Reddit recently had a discussion about this. Here is the top rated comment in the thread.

Sysiphuslove:

"I don't think it's so much the anonymity of the poster as the anonymity of the victim. There's obviously a 'real person' on the other end of the conversation, but there's no face, no voice...a victim online is stripped of his humanity just enough to salve the conscience, but not enough to make an unsatisfying target.

An online victim is a perfect blank slate for projection: he is represented only by the narrowest of opinions or acts, with no other definable characteristic besides an avatar and/or screen name. It is satisfying to shoot down these faceless assertions. It isn't really personal, just a private exercise of retaliation.

Look at it this way: when someone pisses you off on the highway, are you mad at the person? Or is it, in some abstract way, the car?"


Hmm, I certainly think the point that the post you quote is getting at does have some relevance.

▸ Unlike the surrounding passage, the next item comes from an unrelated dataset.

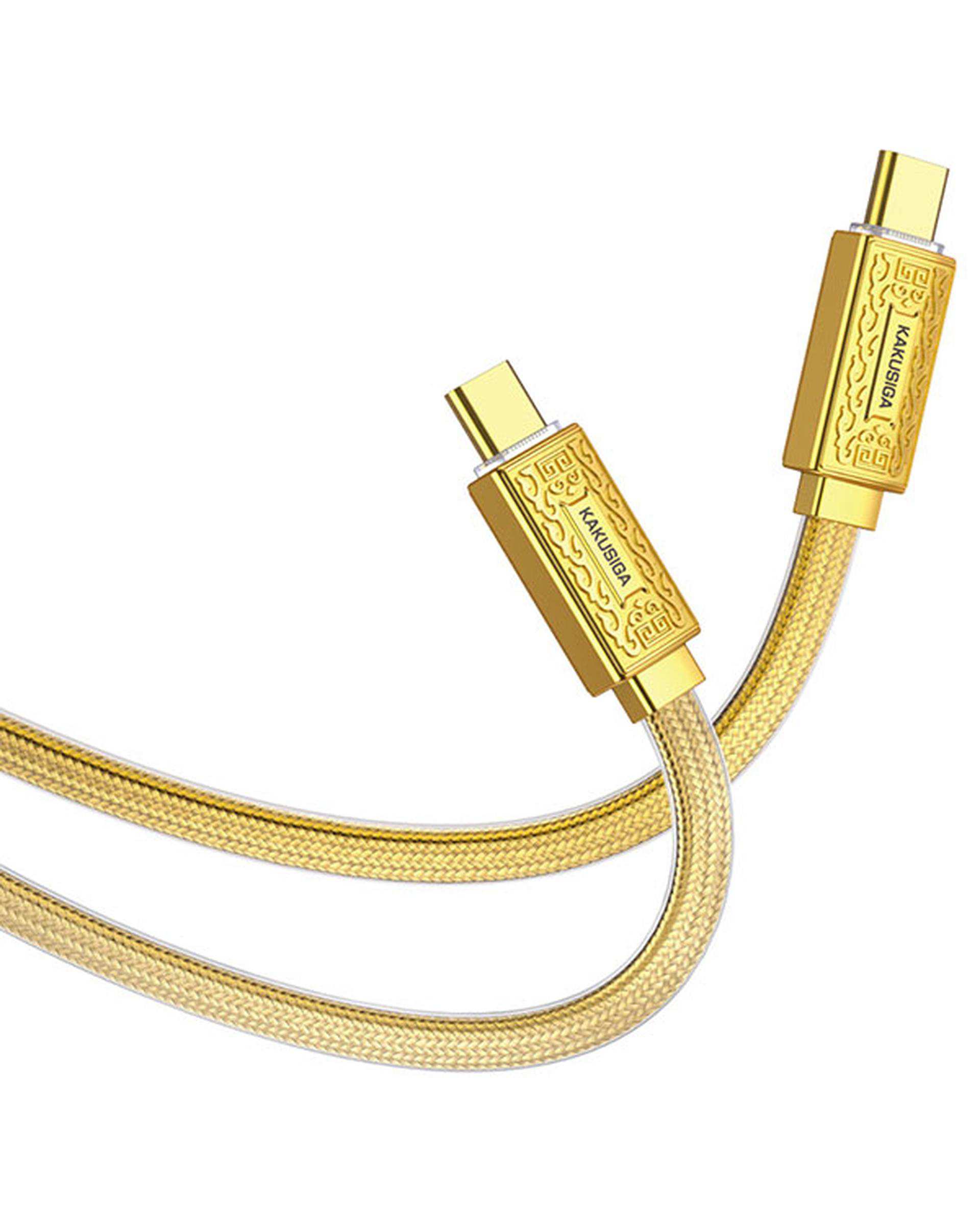کابل شارژ دو سر تایپ سی طلایی کاکوسیگا Kakusiga مدل KSC-801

However, I personally feel that it is the anonymity of the poster more so than that of the victim which contributes to this "astonishing cruelty" that is sometimes evident online. I agree that it's not personal on the part of the poster. In 99.9% of cases, really how could it be? I believe the "private exercise of retaliation" is performed due to stressors in the posters life that he feels frustrated about and powerless to solve. Be those stressors related to work, family, friends, finances or whatever. They get some degree of relief by taking out their frustrations online where they can do so with this effective anonymity.

I think aside from the previously discussed anonymity, it also has a lot to do with what is acceptable for a given social group. People are capable of truly sadistic and terrible acts when they have been made to feel that those acts are acceptable by their peers. When one is not alone in their cruelty, even ostensibly "reasonable" or "normal" people can become monsters.

But well, when someone pisses me off on the road I am squarely pissed at them, not the car they're in, neither in an abstract way or otherwise. I'm not really sure what that analogy is trying to say. Were I a member of an Amazon tribe who had never seen a car before and didn't know what a car was, and one day a car shoots by, nearly running me down, then yeah, I imagine I'd be super pissed at that car.


Yeah the analogy is a bit flawed, I think of it more as, "Are you really mad at the person driving the car for that event or are you projecting your other frustrations and hatred onto that person because they are a safe target."

The anonymity of the poster certainly has a lot to do with it too. I just liked the comment because it gave me a different perspective on the issue.


"Are you really mad at the person driving the car for that event or are you projecting your other frustrations and hatred onto that person because they are a safe target."

Yes, that makes more sense and is along the lines of my own thinking above.


In this case if anonymity is to blame then it has to be anonymity of the poster - the victim was live on webcam.


That doesn't necessarily make it any more real to the viewers. Do you feel personally connected with celebrities you see on television?